Colombo (AsiaNews) – A quasi tre anni dalla fine del trentennale conflitto etnico, lo Sri Lanka non ha ancora risolto il cosiddetto “problema Tamil”. Sono i circa 200mila sfollati (Internally Displaced People, Idps) tamil, che nel nord del Paese vivono ancora nei campi profughi, sorvegliati a vista dai militari e senza possibilità di tornare nelle loro case e nei loro villaggi. Intanto la popolazione singalese del sud – dove non è arrivata neppure l’eco dei bombardamenti – sembra inconsapevole delle atrocità della guerra e organizza viaggi per visitare le zone colpite. La testimonianza di coraggio e speranza di un sacerdote in visita ai campi profughi di Cheddikulam.

La maggior parte dei singalesi del sud sostiene che in Sri Lanka non esiste il cosiddetto “problema Tamil”. A quasi tre anni dalla fine del conflitto, le autorità dicono loro che gli sfollati sono tornati alla normalità. Ma questo non è vero. Molte delle vittime della guerra non hanno mai avuto l’opportunità di tornare nelle loro case, nelle loro terre o nei loro villaggi. Invece, sono state costrette ad andare in aree di proprietà del governo e delle forze armate.

Solo pochi singalesi conoscono la verità. Dopo il 2009, centinaia di persone hanno viaggiato dal sud al nord per vedere “le terre conquistate” dal vittorioso esercito singalese. Ma la guerra è un crimine. Gli abitanti del sud non hanno sentito le esplosioni e i bombardamenti, non hanno vissuto le atrocità della guerra. Non hanno visto madri scappare via con i figli piccoli per salvare loro la vita, mentre vedevano i loro mariti e figli più grandi fatti a pezzi davanti ai loro occhi. Non hanno vissuto per giorni e giorni chiusi dentro un bunker, col timore di morire da un momento all’altro, pensando solo a come trovare da mangiare e da bere per i loro piccoli. Quando sono arrivati al nord, tutto quello che i singalesi hanno visto sono i monumenti che celebrano la vittoria dell’esercito.

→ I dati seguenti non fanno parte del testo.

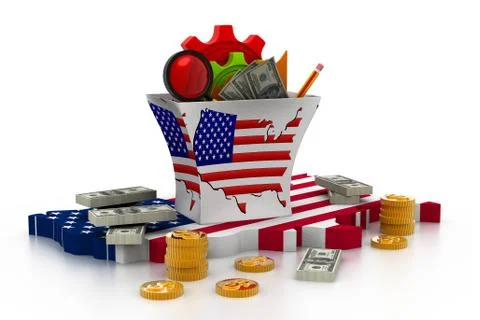 America business graph.. Stock Illustration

Di recente, sono stato a Cheddikulam per celebrare la messa per i fratelli e le sorelle tamil che ancora “vivono” nei campi profughi. Doveva accompagnarmi p. Douglas Milton, un mio amico della diocesi di Mannar. A causa della grande pioggia, p. Douglas è arrivato con 30 minuti di ritardo. Mi ha colpito molto perché ha iniziato la funzione dicendo ai fedeli: “Vi chiedo scusa per questo ritardo. Ho incontrato molta pioggia sul mio cammino”. Sembrano parole semplici. Invece, dipingono la dignità, l’uguaglianza, il rispetto e l’amore con cui egli tratta questo popolo solo e oppresso. Chiedendo scusa, il mio amico ha portato loro speranza, coraggio e forza. Si è rivolto a loro con lo stesso amore, gentilezza e compassione che il nostro Signore Gesù ha avuto per la sua gente.